In order to further improve the accuracy, data enhancement operation needs to be performed on the target area image, and the data enhancement mode comprises random rotation of the image, horizontal turning and brightness change. In addition, during model training, imbalance of samples of Drusen (Drusen), CNV (choroidal neo vascular), DME (diabetic macular edema) and Normal (normalcy) causes the model prediction to be biased to the most abundant type, and further influences the model effect, so that data equalization is performed on the basis of data enhancement in the application, and the number of the pictures of each type is guaranteed to be the same.

In an embodiment, the target area image after data enhancement and data equalization may be further normalized, and the normalization method may be mean variance normalization.

Step 404: and establishing a plurality of volume blocks and extracting different scale features.
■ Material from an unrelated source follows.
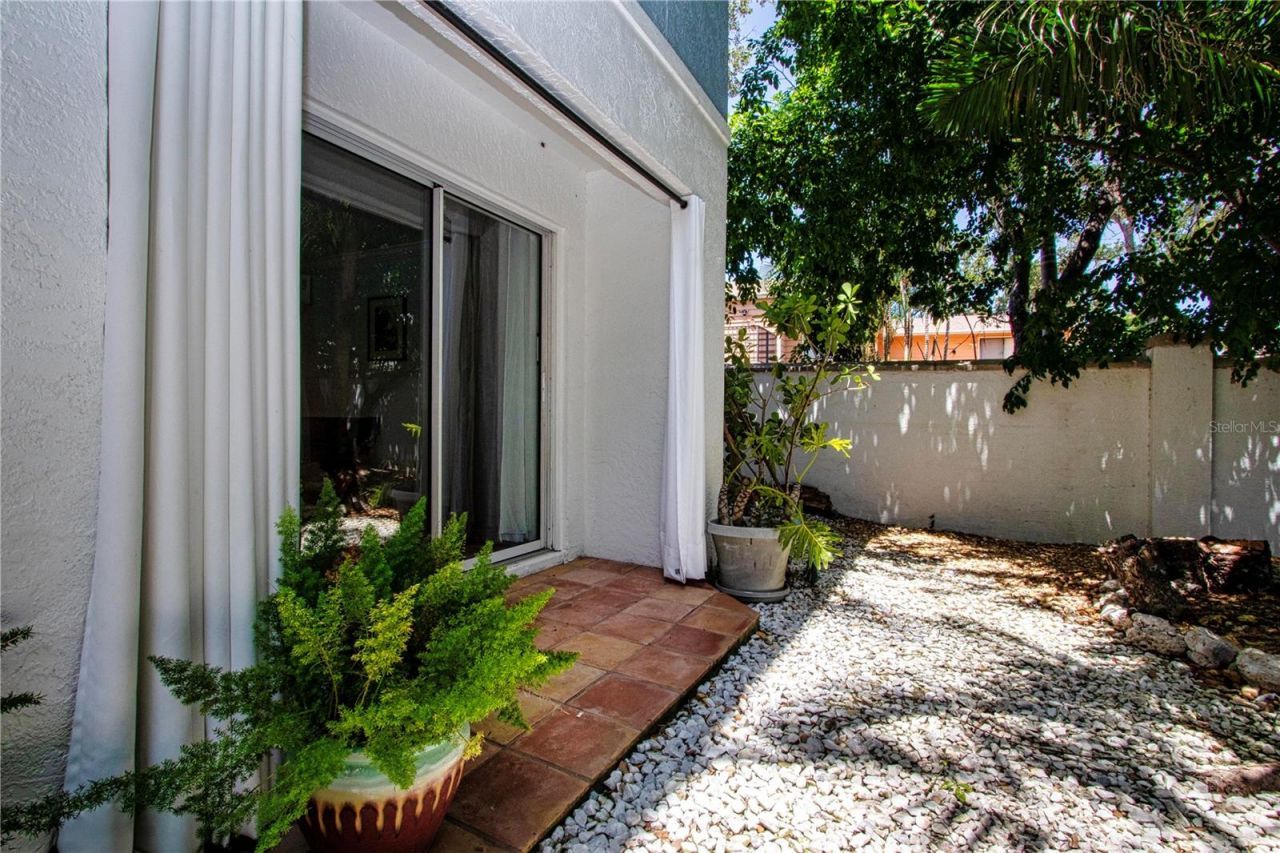 3915 Somerset Drive, Unit 9, Sarasota, FL 34242 Photo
In this step, the convolution block is used to perform convolution operation on the images in the preprocessed image set, and feature vectors are extracted. The sizes of the feature maps output by the adjacent convolution blocks are sequentially halved, and the number of channels of the feature maps is sequentially doubled.

In an embodiment, the convolution block performs convolution operations with different convolution kernel sizes, and extracts scale features of different sizes at the current granularity.

In this step, convolution kernels of different sizes are used in the convolution block to perform convolution operation, so as to extract features of different scales at the current granularity. The feature graphs output by convolution operations with different convolution kernel sizes are merged and added, and the number of channels for describing features of input convolution blocks and semantic information rich in a single channel are increased. In an embodiment, different sizes of convolution kernels are used to extract different scale features, so it is more important to highlight that convolution is performed by using convolution kernels of different sizes, and the most direct method is to set the convolution step size to be 2 if the feature graph output by convolution is halved.

The method specifically comprises the following steps: firstly, convolution operations are carried out on a convolution kernel 1, a convolution kernel 2 and a convolution kernel 3 with convolution kernel sizes of 3x3, 5x5 and 1x1 respectively, the convolution operations are marked as convolution operation 1, convolution operation 2 and convolution operation 3, then features output by the convolution operations 1 and 2 are combined to obtain a feature map 1, then the feature maps 2 output by the feature map 1 and the convolution operation 3 are adjusted to feature maps 3 and 4 with the same number of channels through convolution of 1x1 respectively, and finally the feature maps 3 and 4 are subjected to a summing operation, and the generated feature maps serve as the output of a convolution block.

Step 405: and merging the channels of the feature maps extracted from the volume blocks.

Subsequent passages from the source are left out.